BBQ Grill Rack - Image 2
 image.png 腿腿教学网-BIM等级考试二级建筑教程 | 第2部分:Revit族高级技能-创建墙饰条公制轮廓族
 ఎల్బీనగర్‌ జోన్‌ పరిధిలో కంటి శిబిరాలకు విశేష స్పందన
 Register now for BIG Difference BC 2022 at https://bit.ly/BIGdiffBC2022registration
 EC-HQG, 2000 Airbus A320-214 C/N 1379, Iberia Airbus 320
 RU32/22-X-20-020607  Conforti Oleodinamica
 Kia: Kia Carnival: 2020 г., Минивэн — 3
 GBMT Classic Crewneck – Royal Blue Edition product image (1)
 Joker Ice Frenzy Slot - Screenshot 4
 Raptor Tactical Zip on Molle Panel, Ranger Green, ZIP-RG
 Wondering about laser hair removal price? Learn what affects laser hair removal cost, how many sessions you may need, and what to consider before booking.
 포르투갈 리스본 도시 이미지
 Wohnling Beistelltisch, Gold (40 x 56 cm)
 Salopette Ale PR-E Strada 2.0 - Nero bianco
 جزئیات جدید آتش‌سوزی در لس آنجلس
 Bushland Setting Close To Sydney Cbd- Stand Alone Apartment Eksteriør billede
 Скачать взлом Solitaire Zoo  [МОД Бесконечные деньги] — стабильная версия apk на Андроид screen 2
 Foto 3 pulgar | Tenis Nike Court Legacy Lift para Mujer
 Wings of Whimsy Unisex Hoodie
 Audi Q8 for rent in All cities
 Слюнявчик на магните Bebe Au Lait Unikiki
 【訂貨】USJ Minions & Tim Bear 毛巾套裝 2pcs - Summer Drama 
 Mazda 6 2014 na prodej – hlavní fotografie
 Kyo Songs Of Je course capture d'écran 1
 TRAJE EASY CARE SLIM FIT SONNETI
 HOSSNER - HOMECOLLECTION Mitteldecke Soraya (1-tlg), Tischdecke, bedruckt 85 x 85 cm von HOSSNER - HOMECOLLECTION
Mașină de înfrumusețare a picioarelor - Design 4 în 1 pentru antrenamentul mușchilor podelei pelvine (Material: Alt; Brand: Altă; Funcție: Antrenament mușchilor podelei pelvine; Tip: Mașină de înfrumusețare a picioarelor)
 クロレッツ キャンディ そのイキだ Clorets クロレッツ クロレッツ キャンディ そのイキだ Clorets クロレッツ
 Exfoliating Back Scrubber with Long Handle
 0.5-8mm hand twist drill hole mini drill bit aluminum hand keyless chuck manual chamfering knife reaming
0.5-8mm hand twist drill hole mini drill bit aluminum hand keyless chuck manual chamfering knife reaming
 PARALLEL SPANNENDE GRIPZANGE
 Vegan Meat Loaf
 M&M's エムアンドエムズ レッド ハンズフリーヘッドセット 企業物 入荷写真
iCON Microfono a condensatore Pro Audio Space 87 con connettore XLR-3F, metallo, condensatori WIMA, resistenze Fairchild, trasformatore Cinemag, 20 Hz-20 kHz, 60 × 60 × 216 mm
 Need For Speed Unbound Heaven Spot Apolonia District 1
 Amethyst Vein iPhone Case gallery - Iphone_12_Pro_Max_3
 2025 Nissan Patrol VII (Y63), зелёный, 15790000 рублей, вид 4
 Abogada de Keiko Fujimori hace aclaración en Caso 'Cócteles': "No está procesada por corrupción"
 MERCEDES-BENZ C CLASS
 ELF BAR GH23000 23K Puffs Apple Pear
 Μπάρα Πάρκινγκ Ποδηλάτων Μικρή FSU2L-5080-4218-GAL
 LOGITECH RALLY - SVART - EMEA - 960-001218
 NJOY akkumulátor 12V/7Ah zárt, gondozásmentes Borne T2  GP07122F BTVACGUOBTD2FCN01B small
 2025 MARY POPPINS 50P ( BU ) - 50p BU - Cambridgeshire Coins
● ● ● ● ●
In this exercise, repeat the entries above verbatim.

BBQ Grill Rack - Image 2
 image.png 腿腿教学网-BIM等级考试二级建筑教程 | 第2部分:Revit族高级技能-创建墙饰条公制轮廓族
 ఎల్బీనగర్‌ జోన్‌ పరిధిలో కంటి శిబిరాలకు విశేష స్పందన
 Register now for BIG Difference BC 2022 at https://bit.ly/BIGdiffBC2022registration
 EC-HQG, 2000 Airbus A320-214 C/N 1379, Iberia Airbus 320
 RU32/22-X-20-020607  Conforti Oleodinamica
 Kia: Kia Carnival: 2020 г., Минивэн — 3
 GBMT Classic Crewneck – Royal Blue Edition product image (1)
 Joker Ice Frenzy Slot - Screenshot 4
 Raptor Tactical Zip on Molle Panel, Ranger Green, ZIP-RG
 Wondering about laser hair removal price? Learn what affects laser hair removal cost, how many sessions you may need, and what to consider before booking.
 포르투갈 리스본 도시 이미지
 Wohnling Beistelltisch, Gold (40 x 56 cm)
 Salopette Ale PR-E Strada 2.0 - Nero bianco
 جزئیات جدید آتش‌سوزی در لس آنجلس
 Bushland Setting Close To Sydney Cbd- Stand Alone Apartment Eksteriør billede
 Скачать взлом Solitaire Zoo  [МОД Бесконечные деньги] — стабильная версия apk на Андроид screen 2
 Foto 3 pulgar | Tenis Nike Court Legacy Lift para Mujer
 Wings of Whimsy Unisex Hoodie
 Audi Q8 for rent in All cities
 Слюнявчик на магните Bebe Au Lait Unikiki
 【訂貨】USJ Minions & Tim Bear 毛巾套裝 2pcs - Summer Drama 
 Mazda 6 2014 na prodej – hlavní fotografie
 Kyo Songs Of Je course capture d'écran 1
 TRAJE EASY CARE SLIM FIT SONNETI
 HOSSNER - HOMECOLLECTION Mitteldecke Soraya (1-tlg), Tischdecke, bedruckt 85 x 85 cm von HOSSNER - HOMECOLLECTION
Mașină de înfrumusețare a picioarelor - Design 4 în 1 pentru antrenamentul mușchilor podelei pelvine (Material: Alt; Brand: Altă; Funcție: Antrenament mușchilor podelei pelvine; Tip: Mașină de înfrumusețare a picioarelor)
 クロレッツ キャンディ そのイキだ Clorets クロレッツ クロレッツ キャンディ そのイキだ Clorets クロレッツ
 Exfoliating Back Scrubber with Long Handle
 0.5-8mm hand twist drill hole mini drill bit aluminum hand keyless chuck manual chamfering knife reaming
0.5-8mm hand twist drill hole mini drill bit aluminum hand keyless chuck manual chamfering knife reaming
 PARALLEL SPANNENDE GRIPZANGE
 Vegan Meat Loaf
 M&M's エムアンドエムズ レッド ハンズフリーヘッドセット 企業物 入荷写真
iCON Microfono a condensatore Pro Audio Space 87 con connettore XLR-3F, metallo, condensatori WIMA, resistenze Fairchild, trasformatore Cinemag, 20 Hz-20 kHz, 60 × 60 × 216 mm
 Need For Speed Unbound Heaven Spot Apolonia District 1
 Amethyst Vein iPhone Case gallery - Iphone_12_Pro_Max_3
 2025 Nissan Patrol VII (Y63), зелёный, 15790000 рублей, вид 4
 Abogada de Keiko Fujimori hace aclaración en Caso 'Cócteles': "No está procesada por corrupción"
 MERCEDES-BENZ C CLASS
 ELF BAR GH23000 23K Puffs Apple Pear
 Μπάρα Πάρκινγκ Ποδηλάτων Μικρή FSU2L-5080-4218-GAL
 LOGITECH RALLY - SVART - EMEA - 960-001218
 NJOY akkumulátor 12V/7Ah zárt, gondozásmentes Borne T2  GP07122F BTVACGUOBTD2FCN01B small
 2025 MARY POPPINS 50P ( BU ) - 50p BU - Cambridgeshire Coins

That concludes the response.